### PROBLEM DESCRIPTION
Using the listing below, print exactly everything from the line with "travel-sri-lanka 2" down to the line with "Bisontes atacan a", both included, and nothing more.
+ + + + +
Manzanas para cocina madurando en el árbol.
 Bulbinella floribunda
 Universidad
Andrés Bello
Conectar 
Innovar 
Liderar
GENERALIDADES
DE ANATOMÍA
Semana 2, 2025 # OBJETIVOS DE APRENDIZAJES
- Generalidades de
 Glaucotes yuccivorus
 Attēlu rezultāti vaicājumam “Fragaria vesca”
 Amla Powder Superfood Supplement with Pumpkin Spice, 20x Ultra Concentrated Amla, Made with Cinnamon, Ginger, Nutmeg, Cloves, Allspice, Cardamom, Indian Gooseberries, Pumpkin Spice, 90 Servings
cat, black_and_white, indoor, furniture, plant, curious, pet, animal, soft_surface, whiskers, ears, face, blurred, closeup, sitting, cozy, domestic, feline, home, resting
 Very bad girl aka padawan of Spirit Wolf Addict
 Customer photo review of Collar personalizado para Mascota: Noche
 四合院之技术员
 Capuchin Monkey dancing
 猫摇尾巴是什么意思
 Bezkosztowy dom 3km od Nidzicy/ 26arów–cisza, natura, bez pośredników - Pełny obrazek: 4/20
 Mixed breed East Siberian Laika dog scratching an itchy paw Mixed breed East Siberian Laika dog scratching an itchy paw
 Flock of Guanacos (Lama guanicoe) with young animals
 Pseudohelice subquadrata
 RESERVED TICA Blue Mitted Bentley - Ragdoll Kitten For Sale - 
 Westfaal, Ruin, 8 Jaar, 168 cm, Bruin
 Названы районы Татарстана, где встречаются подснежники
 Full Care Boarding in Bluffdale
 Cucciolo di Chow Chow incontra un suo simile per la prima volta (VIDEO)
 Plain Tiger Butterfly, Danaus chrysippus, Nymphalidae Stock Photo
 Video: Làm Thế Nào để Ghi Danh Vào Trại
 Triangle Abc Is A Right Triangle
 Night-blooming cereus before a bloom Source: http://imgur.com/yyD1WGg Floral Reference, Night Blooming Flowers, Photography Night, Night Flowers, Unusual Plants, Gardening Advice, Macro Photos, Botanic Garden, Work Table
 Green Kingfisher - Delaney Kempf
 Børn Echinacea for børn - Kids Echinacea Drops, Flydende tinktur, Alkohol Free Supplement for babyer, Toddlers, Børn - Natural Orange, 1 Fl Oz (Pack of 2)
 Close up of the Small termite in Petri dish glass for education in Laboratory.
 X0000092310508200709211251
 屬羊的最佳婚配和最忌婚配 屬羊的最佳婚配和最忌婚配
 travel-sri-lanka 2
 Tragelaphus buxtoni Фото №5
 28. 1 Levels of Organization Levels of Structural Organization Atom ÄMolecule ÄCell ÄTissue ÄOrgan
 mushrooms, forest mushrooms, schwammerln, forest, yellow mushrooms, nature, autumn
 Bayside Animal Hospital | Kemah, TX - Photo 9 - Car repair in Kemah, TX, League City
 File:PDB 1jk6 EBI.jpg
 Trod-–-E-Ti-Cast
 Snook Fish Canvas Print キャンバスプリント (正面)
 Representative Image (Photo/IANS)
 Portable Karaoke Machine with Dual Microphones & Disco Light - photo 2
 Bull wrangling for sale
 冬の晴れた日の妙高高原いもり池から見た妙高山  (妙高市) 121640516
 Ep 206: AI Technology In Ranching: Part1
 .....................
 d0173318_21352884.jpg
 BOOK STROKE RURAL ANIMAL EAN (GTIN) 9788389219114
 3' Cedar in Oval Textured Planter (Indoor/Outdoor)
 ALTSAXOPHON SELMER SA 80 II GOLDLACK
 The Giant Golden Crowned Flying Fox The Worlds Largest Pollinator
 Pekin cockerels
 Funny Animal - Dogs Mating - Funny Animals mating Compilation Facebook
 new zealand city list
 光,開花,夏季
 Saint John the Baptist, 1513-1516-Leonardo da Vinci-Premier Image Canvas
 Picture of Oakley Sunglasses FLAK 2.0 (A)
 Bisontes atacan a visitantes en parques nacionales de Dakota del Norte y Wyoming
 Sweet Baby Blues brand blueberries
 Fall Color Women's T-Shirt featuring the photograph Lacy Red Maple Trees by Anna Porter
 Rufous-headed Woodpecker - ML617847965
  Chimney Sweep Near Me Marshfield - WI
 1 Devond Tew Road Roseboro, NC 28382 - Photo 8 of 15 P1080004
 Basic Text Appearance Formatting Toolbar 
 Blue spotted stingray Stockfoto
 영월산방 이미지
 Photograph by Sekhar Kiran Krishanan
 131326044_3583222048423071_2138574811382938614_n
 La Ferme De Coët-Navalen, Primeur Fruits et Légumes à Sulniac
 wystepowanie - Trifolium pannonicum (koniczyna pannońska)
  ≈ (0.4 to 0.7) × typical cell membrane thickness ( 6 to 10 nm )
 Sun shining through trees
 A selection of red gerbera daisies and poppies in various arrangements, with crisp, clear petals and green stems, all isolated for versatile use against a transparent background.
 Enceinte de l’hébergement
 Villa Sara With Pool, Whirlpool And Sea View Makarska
+ + + + +
### OUTPUT
 travel-sri-lanka 2
 Tragelaphus buxtoni Фото №5
 28. 1 Levels of Organization Levels of Structural Organization Atom ÄMolecule ÄCell ÄTissue ÄOrgan
 mushrooms, forest mushrooms, schwammerln, forest, yellow mushrooms, nature, autumn
 Bayside Animal Hospital | Kemah, TX - Photo 9 - Car repair in Kemah, TX, League City
 File:PDB 1jk6 EBI.jpg
 Trod-–-E-Ti-Cast
 Snook Fish Canvas Print キャンバスプリント (正面)
 Representative Image (Photo/IANS)
 Portable Karaoke Machine with Dual Microphones & Disco Light - photo 2
 Bull wrangling for sale
 冬の晴れた日の妙高高原いもり池から見た妙高山  (妙高市) 121640516
 Ep 206: AI Technology In Ranching: Part1
 .....................
 d0173318_21352884.jpg
 BOOK STROKE RURAL ANIMAL EAN (GTIN) 9788389219114
 3' Cedar in Oval Textured Planter (Indoor/Outdoor)
 ALTSAXOPHON SELMER SA 80 II GOLDLACK
 The Giant Golden Crowned Flying Fox The Worlds Largest Pollinator
 Pekin cockerels
 Funny Animal - Dogs Mating - Funny Animals mating Compilation Facebook
 new zealand city list
 光,開花,夏季
 Saint John the Baptist, 1513-1516-Leonardo da Vinci-Premier Image Canvas
 Picture of Oakley Sunglasses FLAK 2.0 (A)
 Bisontes atacan a visitantes en parques nacionales de Dakota del Norte y Wyoming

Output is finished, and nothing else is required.